(Extracted data entries)

= Beginning of Section =

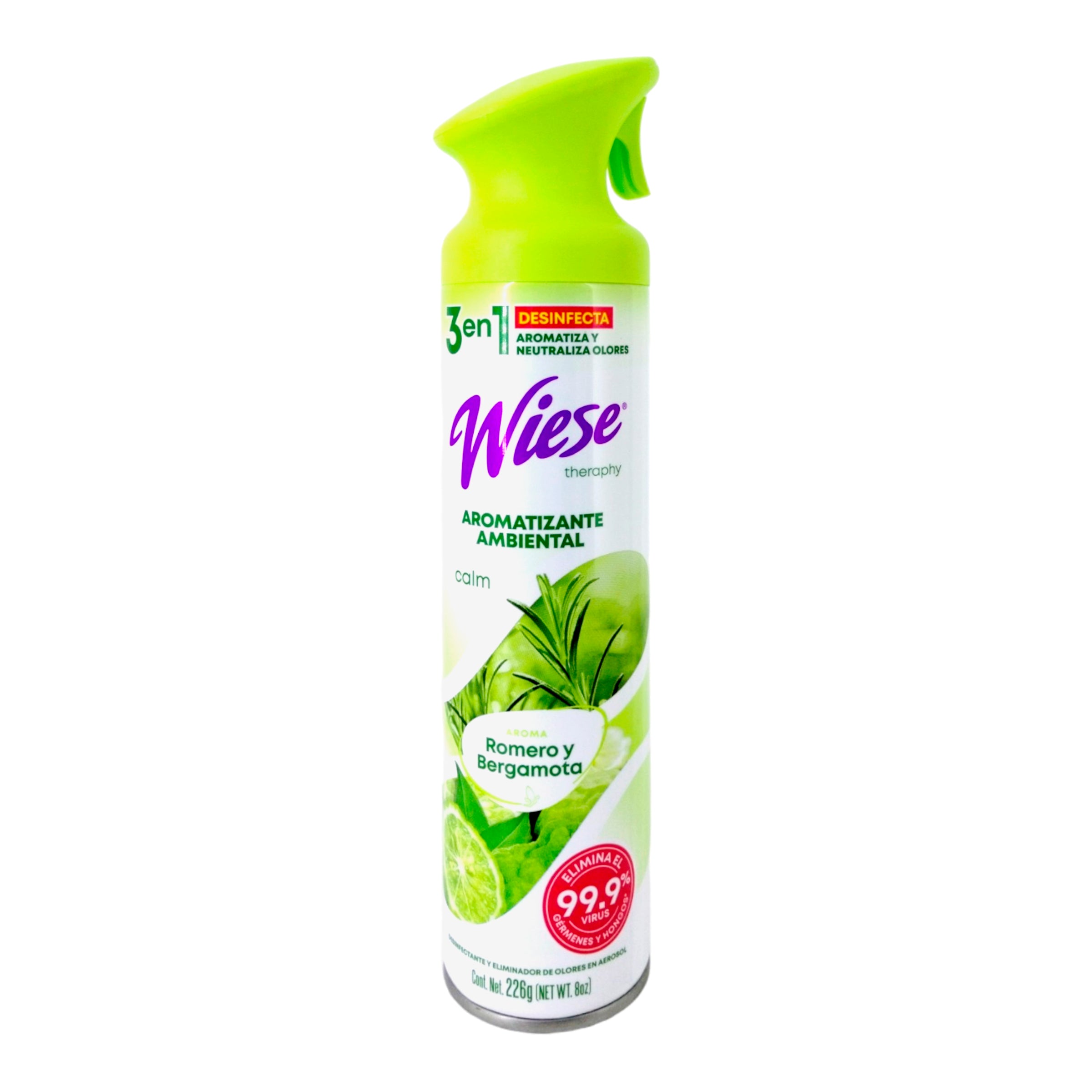 Pack 12 Aromatizantes Wiese Romero y Bergamota 226g - Desinfecta, Aromatiza y Neutraliza Olores - Farvisan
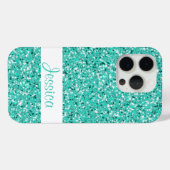 Coques Case-Mate iPhone Faux Parties scintillant Turquoise Ressemblent Ave (Verso (horizontal))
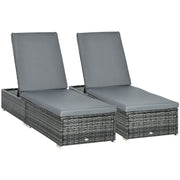 Grey Rattan Sun Loungers Set of 2 With Cushions and 5 Position Reclining Backrests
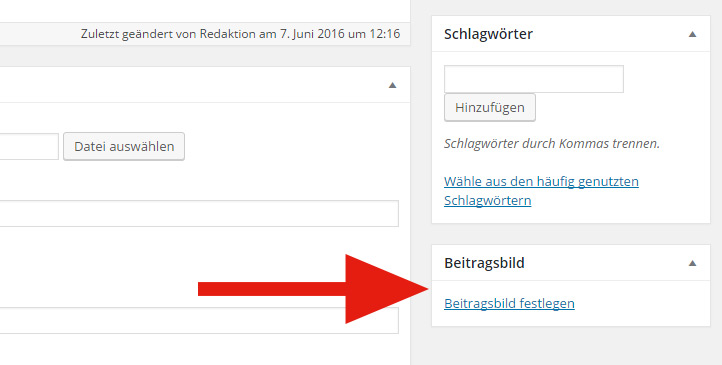 Beitragsbild in WordPress einfügen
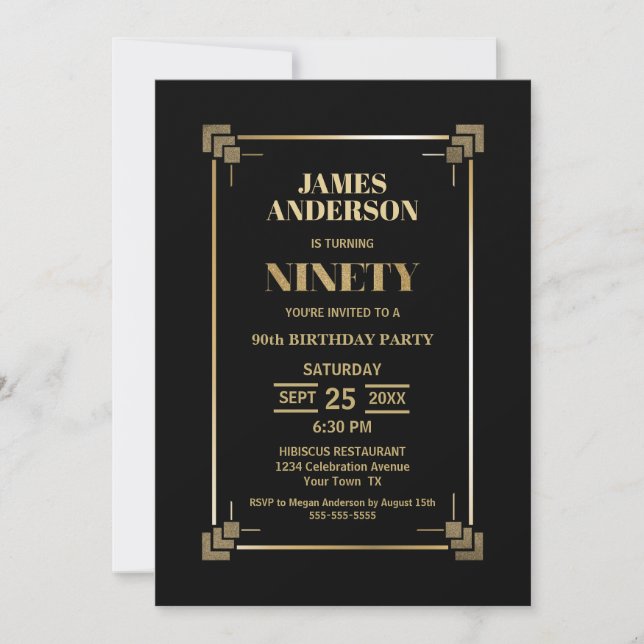 Modern Gold Border Black 90th Birthday Party Invitation (Front)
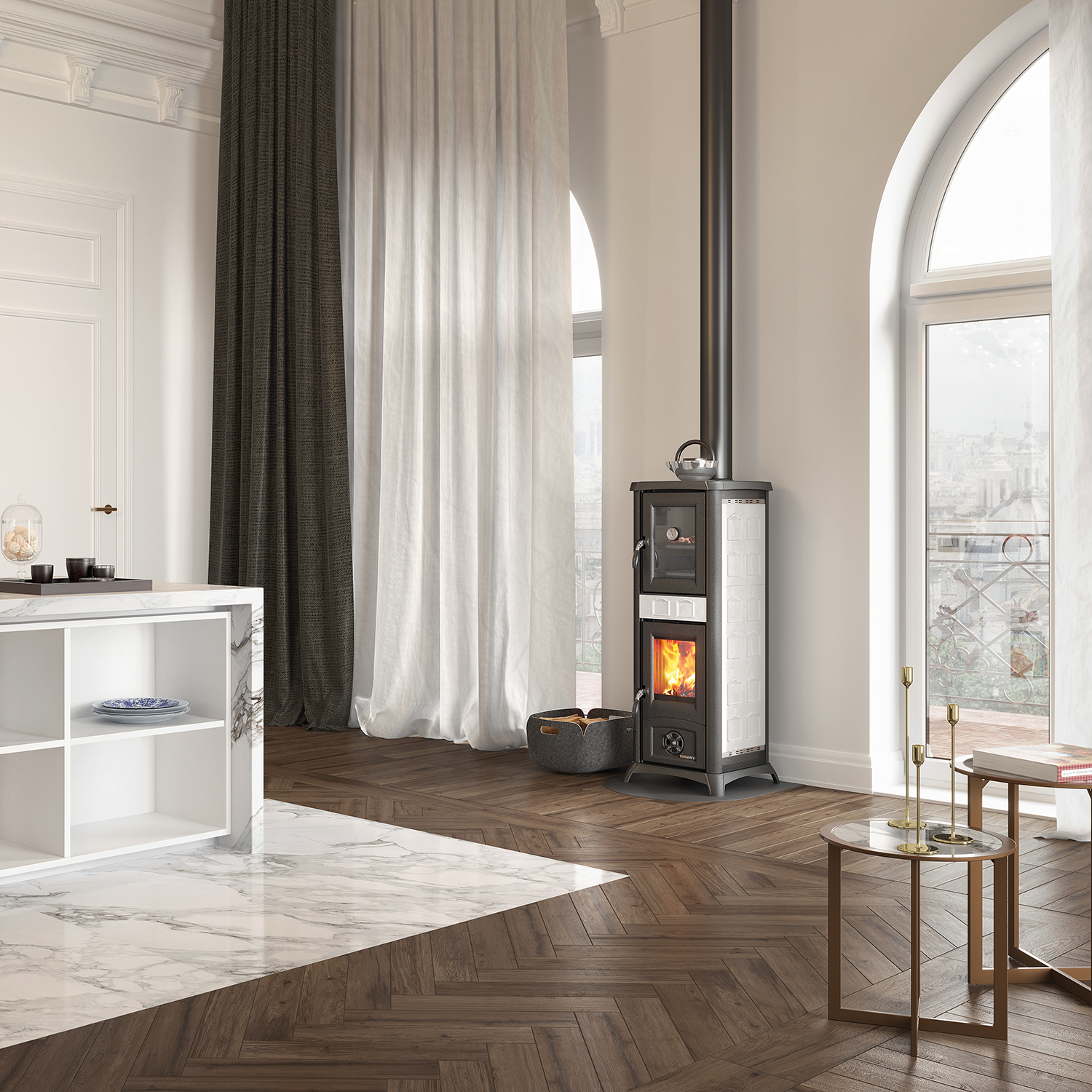 La Nordica Gemma Forno 5.0 Keramik Kaminofen Elegance Weiß Infinity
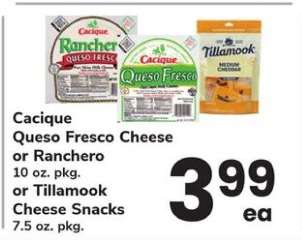Cacique Queso Fresco Cheese or Ranchero or Tillamook Cheese Snacks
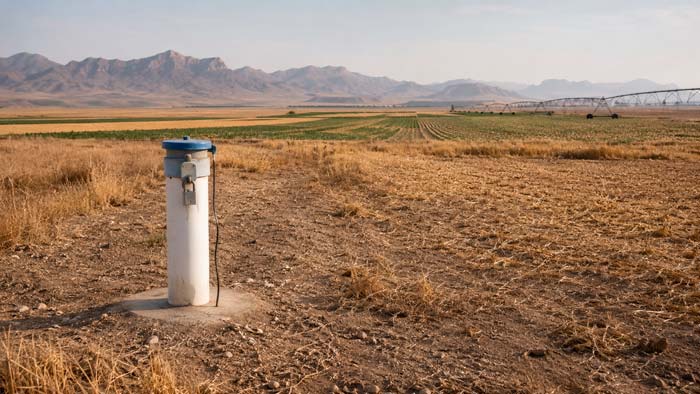 Pozo de control en una llanura agrícola para vigilar el agua subterránea en un contexto de sequía y sobreexplotación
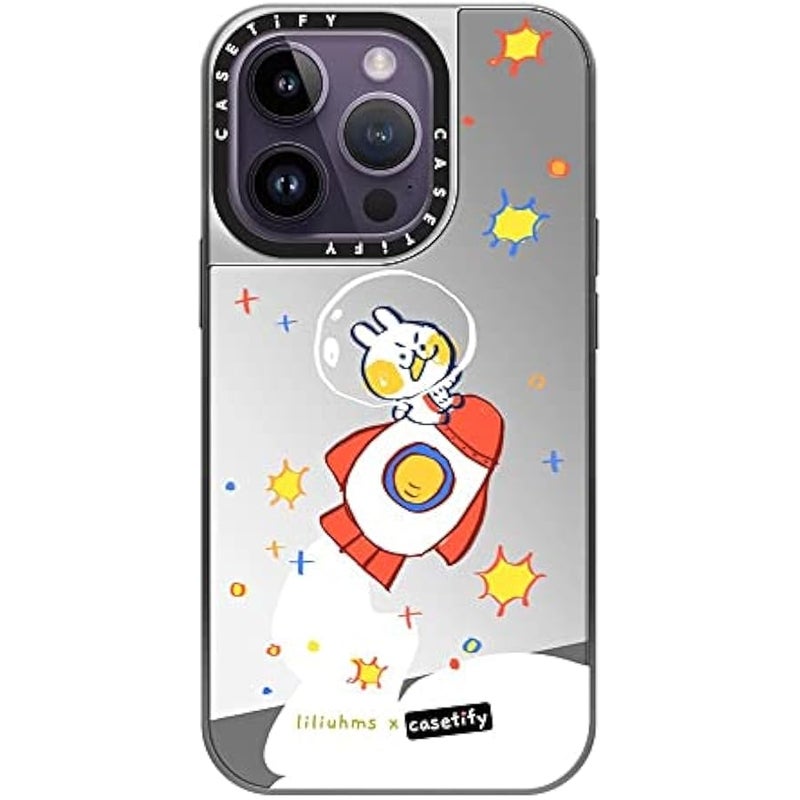Casetify Mirror Case for iPhone 14 Pro Compatible with Magsafe - Rocket Bun in Space - Silver on Silver - Image 1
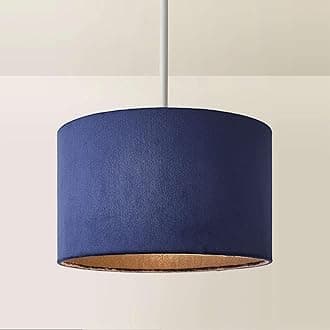 MiniSun | Small Modern Navy Blue Velvet Drum Light Shade | Lamp Shades, Home Décor & Improvement Essential | 25cm Shade Width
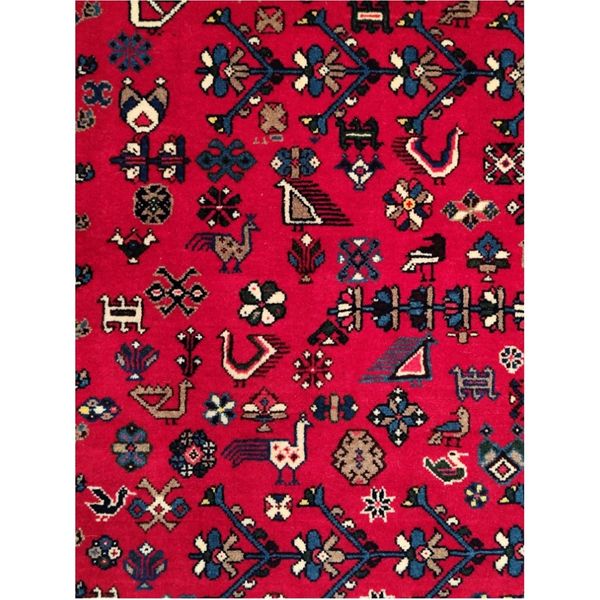 فرش دستباف سایز شش متری زمینه لاکی (تمام پشم یلمه طرح حوضی ) کد 6148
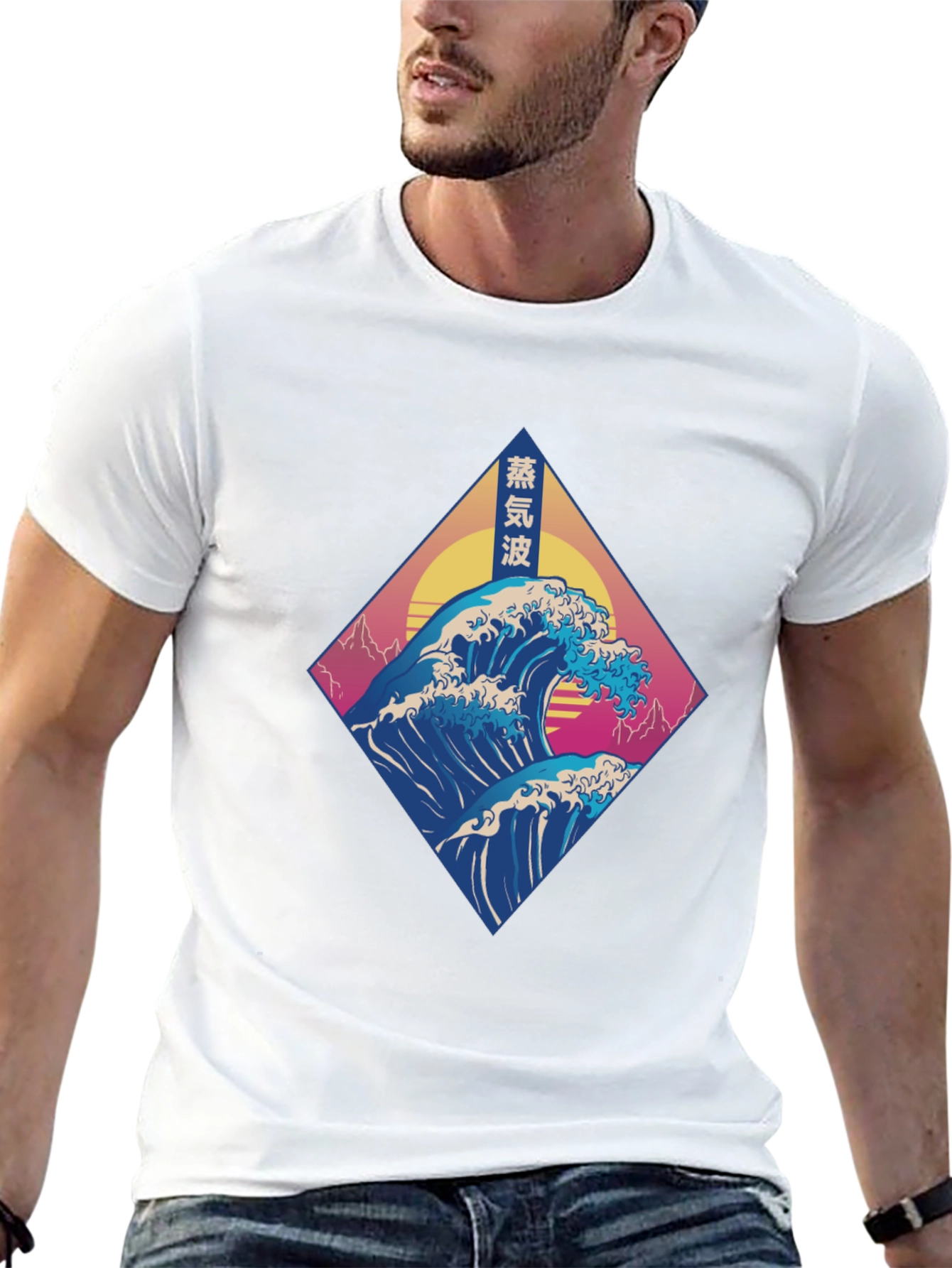 Black Vaporwave Wave Tee - Retro Japanese Graphic T-Shirt view 13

= End of Section =

What you should do:
Would you write out exactly the lines of the data from the one holding "Cacique Queso Fresco" to the final line, both included, with pictures left out?

Exercise answer:
Cacique Queso Fresco Cheese or Ranchero or Tillamook Cheese Snacks
 Pozo de control en una llanura agrícola para vigilar el agua subterránea en un contexto de sequía y sobreexplotación
Casetify Mirror Case for iPhone 14 Pro Compatible with Magsafe - Rocket Bun in Space - Silver on Silver - Image 1
 MiniSun | Small Modern Navy Blue Velvet Drum Light Shade | Lamp Shades, Home Décor & Improvement Essential | 25cm Shade Width
 فرش دستباف سایز شش متری زمینه لاکی (تمام پشم یلمه طرح حوضی ) کد 6148
 Black Vaporwave Wave Tee - Retro Japanese Graphic T-Shirt view 13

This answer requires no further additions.